** What the task requires **
Skip the pictures and copy all the data that follows exactly.

** Data block **
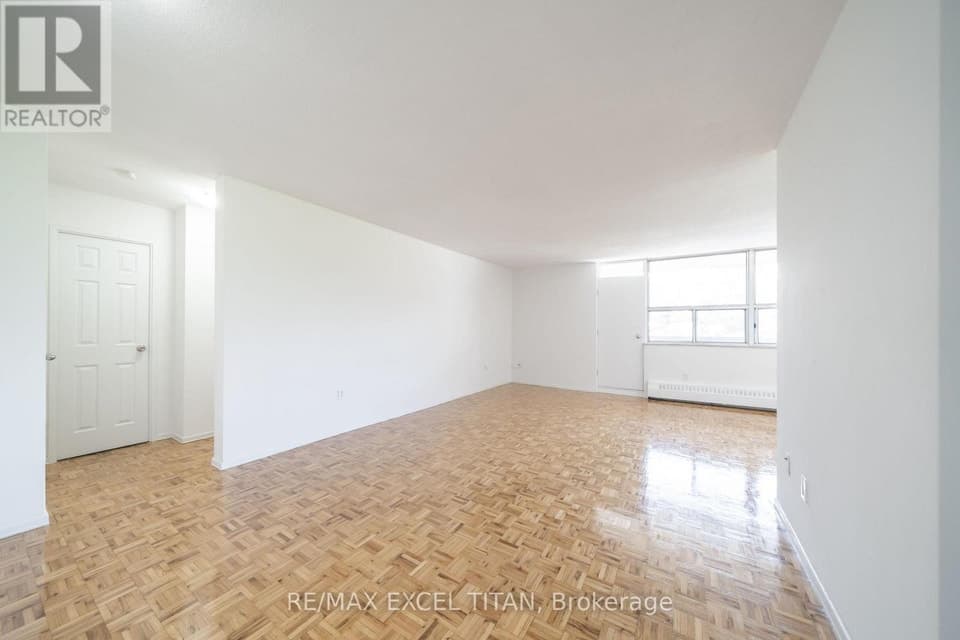 - 5 GLAMORGAN AVENUE, Toronto (Dorset Park), ON, M1P4P1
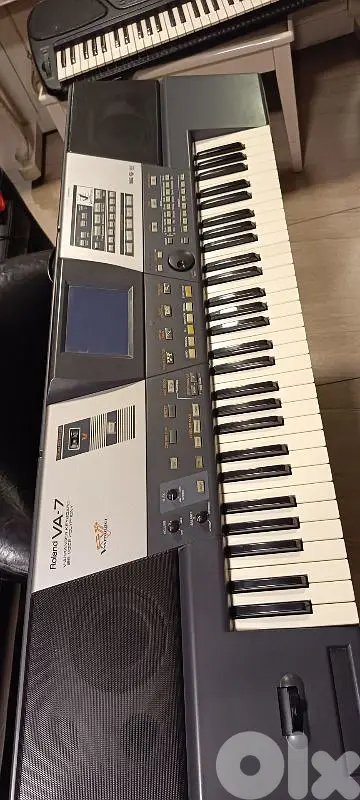 Roland VA7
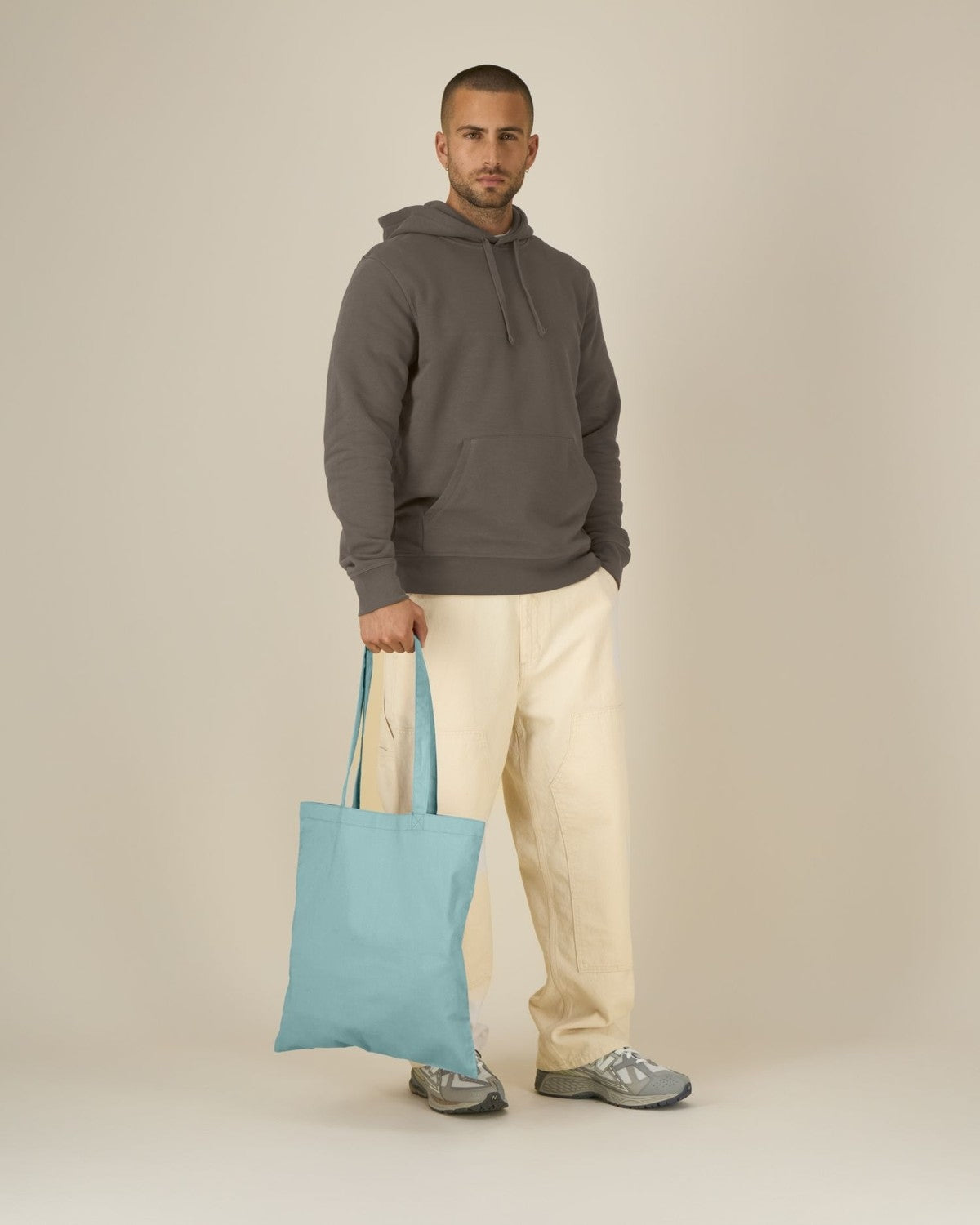 STAU773_C060_Front_Main_Studio_10.jpg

** Task output **
 - 5 GLAMORGAN AVENUE, Toronto (Dorset Park), ON, M1P4P1
 Roland VA7
 STAU773_C060_Front_Main_Studio_10.jpg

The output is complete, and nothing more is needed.